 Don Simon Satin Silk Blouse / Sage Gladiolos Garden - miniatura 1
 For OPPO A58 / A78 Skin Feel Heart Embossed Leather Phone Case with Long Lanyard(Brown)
---
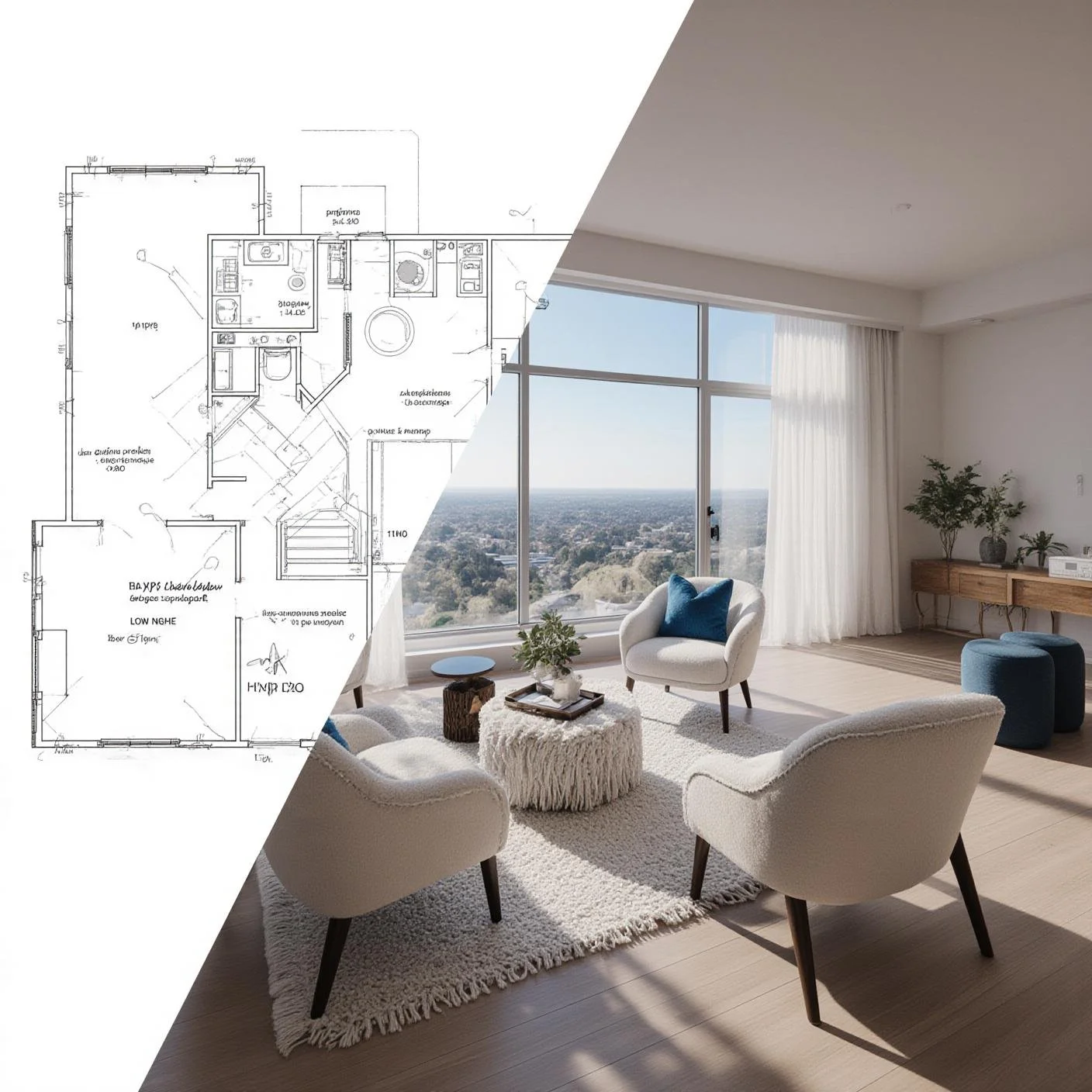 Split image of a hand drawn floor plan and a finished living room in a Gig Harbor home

### Work to complete
Only the lines above starting at the one containing "Don Simon Satin" and ending at the one containing "For OPPO A58", both included, are to be returned, exactly as they read.

### Result for this task
 Don Simon Satin Silk Blouse / Sage Gladiolos Garden - miniatura 1
 For OPPO A58 / A78 Skin Feel Heart Embossed Leather Phone Case with Long Lanyard(Brown)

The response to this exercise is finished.